Rachael Berry, me, Chris Jones and Keri Highland post-gig 17.8 2013

Regular readers may know that I dabble in making my own attempts at the poetic. Recent efforts have used archive material, photography and/or multiple voices with minimalist piano. After more than a few months of working through permutations I think I’ve got a collaborative ‘form’ that works. I usually define my stuff as ‘working’ when it does what was in my head at the beginning (or thereabouts) regardless of the reaction of others- which has usually been one of mystification and/or disdain. On this occasion however, I seemed to have struck a balance between what I want to achieve and what people like. Last week-end my collaborators performed this vocal improvisation in a yurt at a local arts festival. It was the last item of the evening and I rounded things off and joined a friend outside in the gathering gloom to discuss the evening as a whole. Before we could start I was approached by a lady in her fifties who asked for my contact details, I asked her what she thought and she said the last piece really “worked” and then became quite emotional about how well it worked.
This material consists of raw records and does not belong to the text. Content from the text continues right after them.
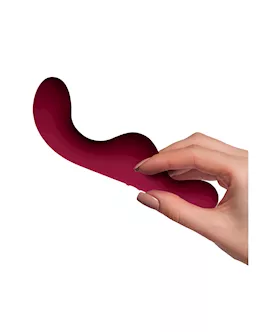 Rocks Off Ruby Glow Blush Dual Vibrator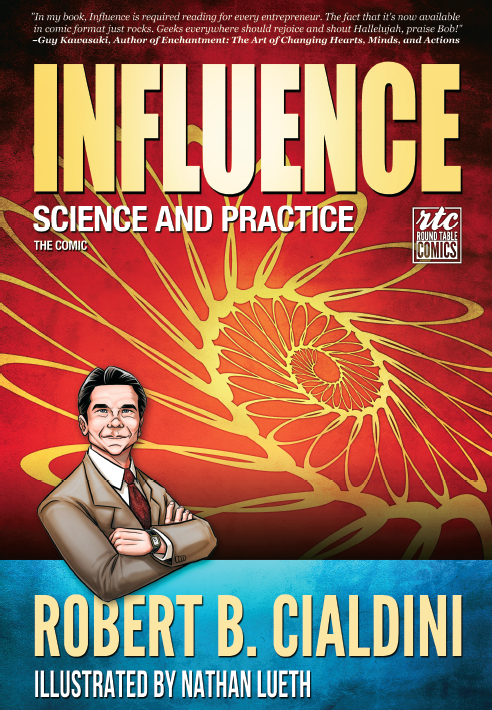 Influence - Science and Practice - The Comic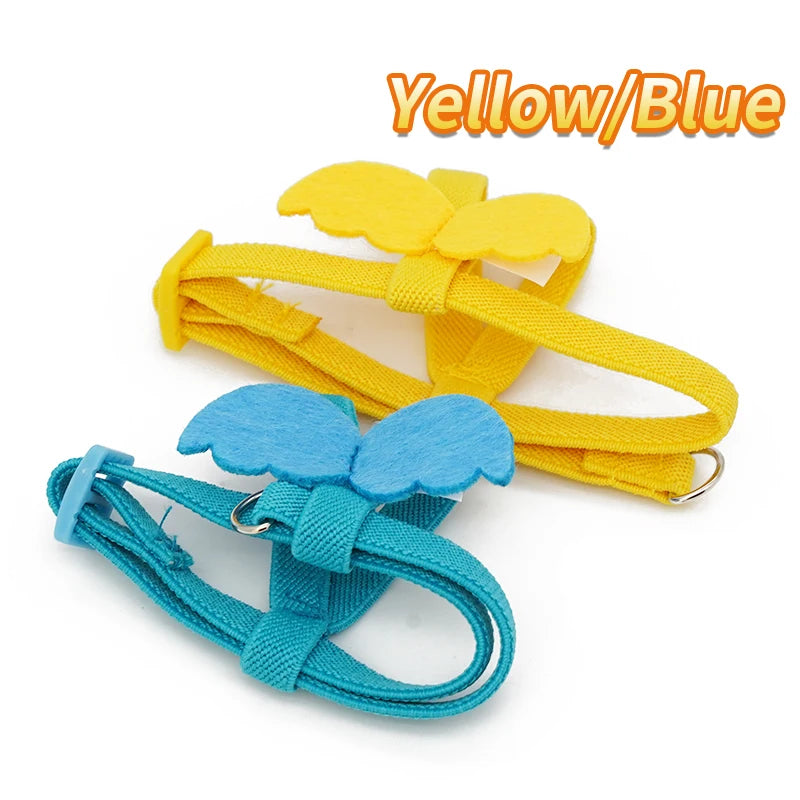 Long Cable Bird Harness & Leash
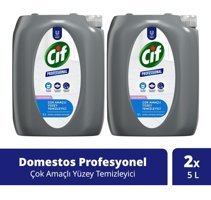 Cif Professional Çiçek Bahçesi Çok Amaçlı Yüzey Temizleyici 2x5 lt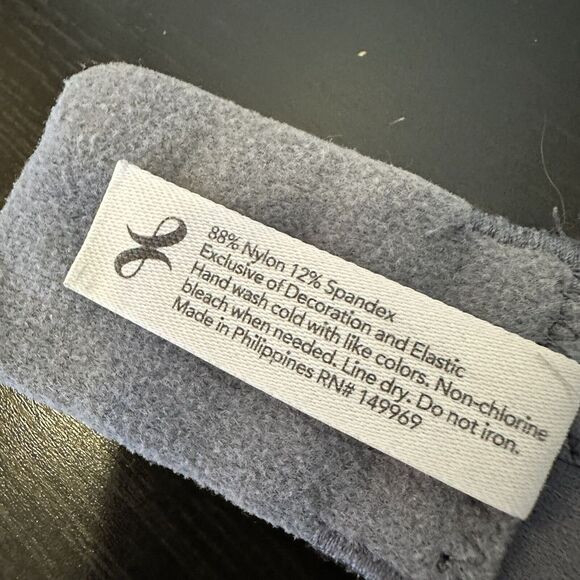 Lively Lace Bra in Gray - Picture 4 of 6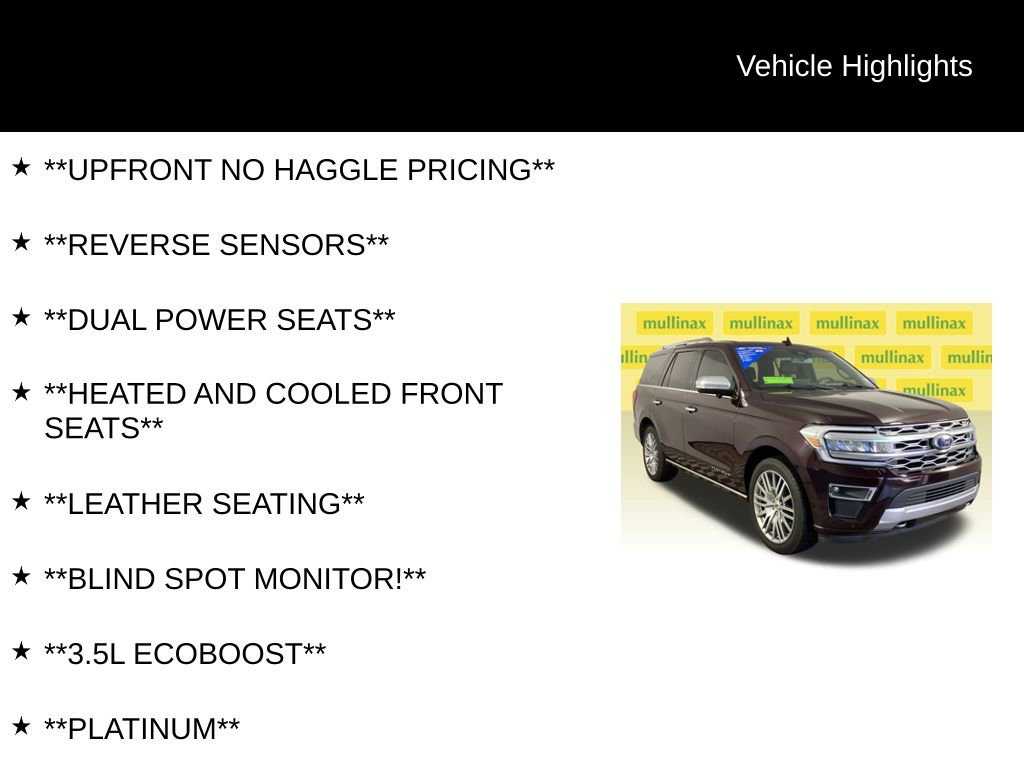 Certified 2023 Ford Expedition Platinum image 12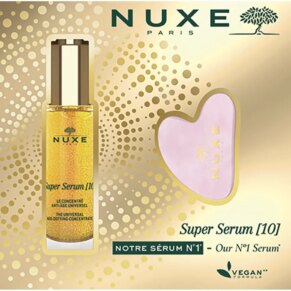 SUPER SERUM 10 LE CONCENTRÉ ANTI-ÂGE UNIVERSEL SET Kem dưỡng ẩm chống nhược điểm kem chính hãng Nuxe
I’d liked to have been able to write this off s a single reaction but there has been positive feedback from equally unexpected quarters. I find myself to be ridiculously pleased about this but the main point of writing about it here is to try and fathom what it is that appeals and why it should appeal to such a broad group of people. I’ll start with the motivation: for many years I’ve been interested in work with multi layered vocals; I’m of the view that there’s too much of the poetic in poetry; I’m incredibly interested in what people say about their passions and how they say it.

So, the initial plan involved a collaboration between myself and Julian Winslow, a local photographer who is also my best friend. Our theme is landscape and my contribution involved interviewing a number of people who worked on or with the land in order to make a multi-layered sound file which would then be played at the same time as people viewed Julian’s pictures.
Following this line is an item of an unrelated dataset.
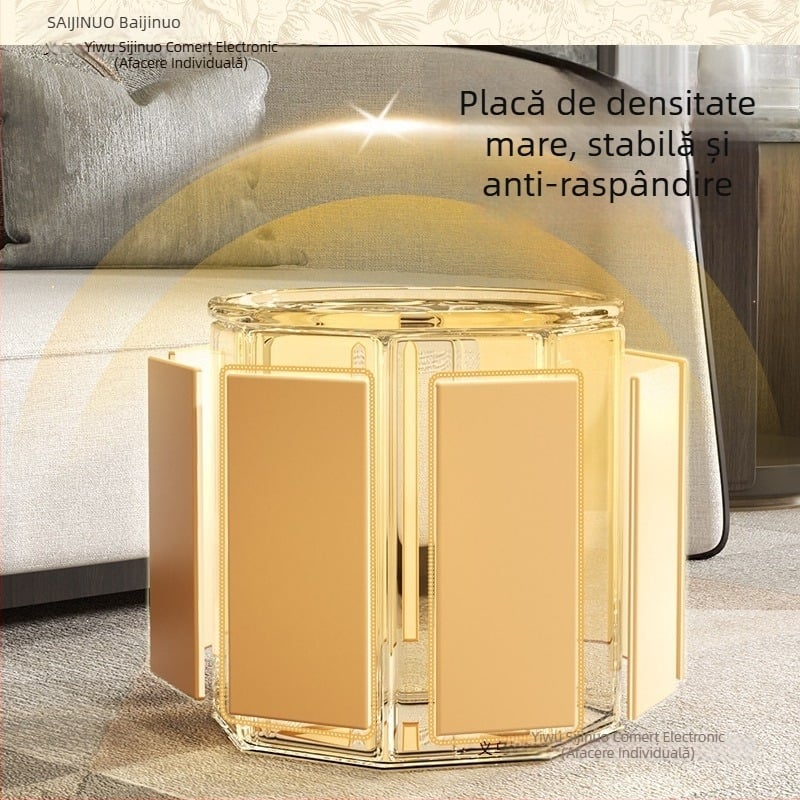 Găleată pentru băi de picioare, ceramică, portabilă și pliabilă, izolație la temperatură constantă, certificat CE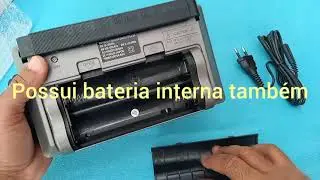 Rádio Lelong LE-604 - Umboxing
This ran alongside a series of interviews and discussions with a local musician/song writer, Keri Highland, about mental fragility. I then distilled these down to about twenty phrases each which we improvised around at a couple of gigs earlier this year. We were both taken aback by the response. As part of my collaboration with Julian we’d been recording interviews with each other as to the creative process and he suggested that I should interview others from different disciplines. Rachael Berry and Chris Jones had both been exhibiting their art at the second gig where Keri and I had performed together and I cajoled them both into a series of interviews as to their various processes, I also interviewed Keri on the same subject.

The next few weeks were spent playing the sound files and extracting what seemed to me the most honest and unvarnished things that the subjects had said and subtracting the same from the interview that I had with myself – which was essentially my response(s) to what the other three had said.
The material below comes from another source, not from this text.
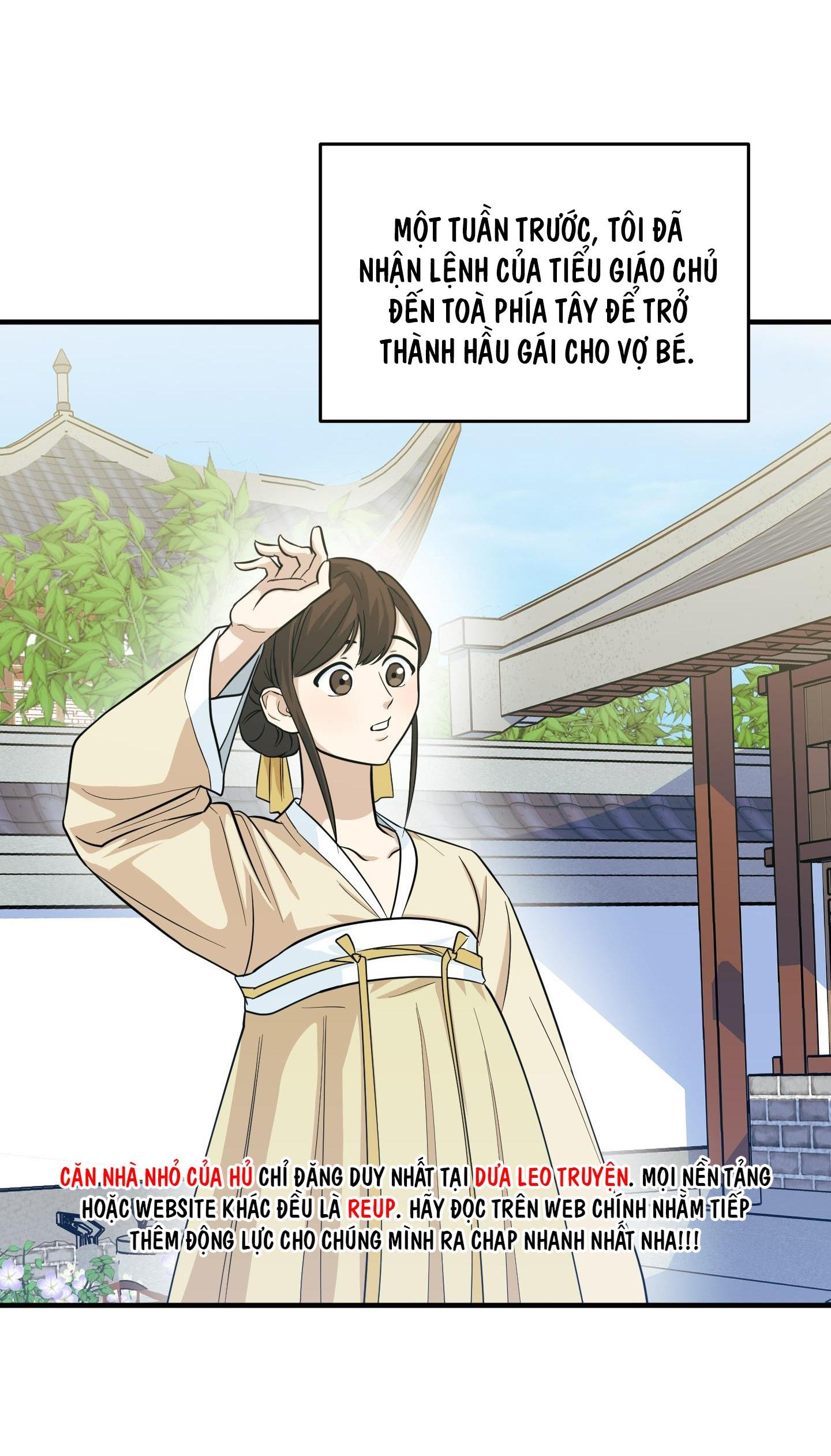 Đọc truyện SỐNG SÓT NHỜ LÀM VỢ BÉ CỦA MA GIÁO CHỦ - Chapter 9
We then rehearsed once or twice a week, refining the format. I’d known from previous attempts on the landscape project that three voices talking together mostly descends into incoherence whereas it is possible to make some sense from two voice. After some tweaking we decided to alternate the two male voices (with some cross-over) whilst the two female voices should do the same. This produced a piece whereby a male and a female voice were speaking at the same time but not in response to each other. The improvised element was that people could read the phrase that they wanted whenever they wanted in response to or against what the other had just said.

After some further discussion we decided to try a fairly abstract keyboard backing. After some brief exchanges Keri came up with and recorded something that we all felt that we could ‘lean’ into and which enhanced the work rther than turning it into any kind of song.

I’d produced these events through the summer and could therefore decide on where to place this amongst the poets musicians and story tellers. Because the mental health improv had been so well received in previous gigs, I decided to finish the evening with it and was amazed by the warmth and enthusiasm of the response.

I’m still not sure why this material gets this kind of response, now why it should appeal to an audience with different interests and tastes. I’d like to think that it’s because it carries some transparent honesty that people can relate to and be absorbed in. The friend who was waiting outside the yurt is of the view that it demands some audience involvement in that people have to really listen to follow a particular thread. I think he’s right and I’m very pleased that people do seem prepared to pay attention.

The other element that is ideologically important for me in my ongoing war with the poetic is that it made use only of what people said in non-poetic and reasonably ordinary conversations. You may argue that interviewing myself is a bit of a cheat and you’d be right. The first ten minutes of my conversation with me are full of neat and pithy little phrases, I then realised that I wasn’t supposed to be making an impression and wittered on about the material that I think is incisively brilliant and the rest of the world is completely indifferent to.

I also discover that I’m on bit of mission to challenge assumptions about poetry: I red half an episode of a soap opera that I’d poeticised which was very well received and a much more standard poetic rant about cultural saturation that was inventive, lyrical and quite skilled but ws ded after about the third line of many.

The next challenge is to try and maintain the momentum without being too ambitious. The obvious dimensions that I seem to be playing with are: subject matter; number and gender of voices and the nature of the musical backing if we feel we need one. Beyond that there’s visual material but I’m concerned that this might detract from the attention that is currently paid to the words.

For some reason I’m also of the view that we should only perform this at the moment because it appears that this collective involvement / attention might be the core aspect.

A final note on collaboration, I know that some find it intolerable and other projects crash and burn due to big egos but I have to say that my experience both with John Matthias and these three have brought me out of my shell in quite unexpected ways.